I have spent thirteen years content alone in a tower and the woman in front of me is the last of a bloodline that has been dying for a hundred years, and I do not know how to be what she needs.

A man who's been alone that long should pull back. Should set this woman down gentle and walk up the mountain where he belongs.

I take her hand instead.

Slow. Deliberate. So she can pull it back if she wants.

She doesn't. Her fingers close on mine, cold as her scent, smaller than I expected, and the touch goes through both of us like a wire pulled taut.

My bear roars mine.

I bend. Stop with my mouth a breath from hers. Close enough to feel her exhale on my lower lip, close enough that one wrong move on either side and we're done.
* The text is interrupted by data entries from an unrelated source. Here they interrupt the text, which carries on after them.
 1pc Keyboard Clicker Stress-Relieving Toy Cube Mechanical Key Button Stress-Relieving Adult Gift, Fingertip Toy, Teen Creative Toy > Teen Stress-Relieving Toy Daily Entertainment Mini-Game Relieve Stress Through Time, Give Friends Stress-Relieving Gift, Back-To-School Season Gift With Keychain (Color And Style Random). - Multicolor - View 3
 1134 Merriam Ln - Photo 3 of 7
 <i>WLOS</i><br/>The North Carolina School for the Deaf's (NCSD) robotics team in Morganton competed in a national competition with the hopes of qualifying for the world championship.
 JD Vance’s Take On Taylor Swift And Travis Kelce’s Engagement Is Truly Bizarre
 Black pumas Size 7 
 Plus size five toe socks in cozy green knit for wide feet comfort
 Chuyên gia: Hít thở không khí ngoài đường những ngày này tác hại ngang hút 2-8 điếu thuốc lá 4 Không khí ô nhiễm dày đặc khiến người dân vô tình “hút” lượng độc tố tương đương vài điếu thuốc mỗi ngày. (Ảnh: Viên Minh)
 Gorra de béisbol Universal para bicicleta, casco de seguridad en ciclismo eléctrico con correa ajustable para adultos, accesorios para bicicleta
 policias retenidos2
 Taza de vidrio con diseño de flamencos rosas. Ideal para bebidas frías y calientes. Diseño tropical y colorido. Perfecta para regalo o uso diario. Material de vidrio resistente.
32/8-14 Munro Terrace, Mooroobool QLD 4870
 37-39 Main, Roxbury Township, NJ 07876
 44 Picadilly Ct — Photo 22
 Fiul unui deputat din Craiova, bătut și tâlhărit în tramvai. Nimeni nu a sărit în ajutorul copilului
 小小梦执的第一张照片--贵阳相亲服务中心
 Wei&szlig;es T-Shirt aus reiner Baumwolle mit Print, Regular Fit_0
"Reese," she says against my mouth.

That's all it takes.

I kiss her.

Soft. Hold of her hand. The other hand braces the rail behind her because the second I put it on her body, I'm not going to stop. Her mouth opens under mine. Once. Slow.

And the woman who came to my mountain to write the only record her people will ever have makes a sound against my lips that my grizzly has waited his whole life to hear.

I pull back before I can do something I can't undo.

Her eyes are open. Pale. Looking at me like she's trying to decide if I'm a problem or an answer, and I can see the moment she decides she doesn't know yet.

"Goodnight, Gabi Laurent."

I step off her porch into the dark.

Don't look back. Can't.

Behind me the door closes soft, and the lamplight in her window stays on a long time after, and I climb back up to my tower with the taste of glacier in my mouth and a grizzly inside me who is never going to be content alone again.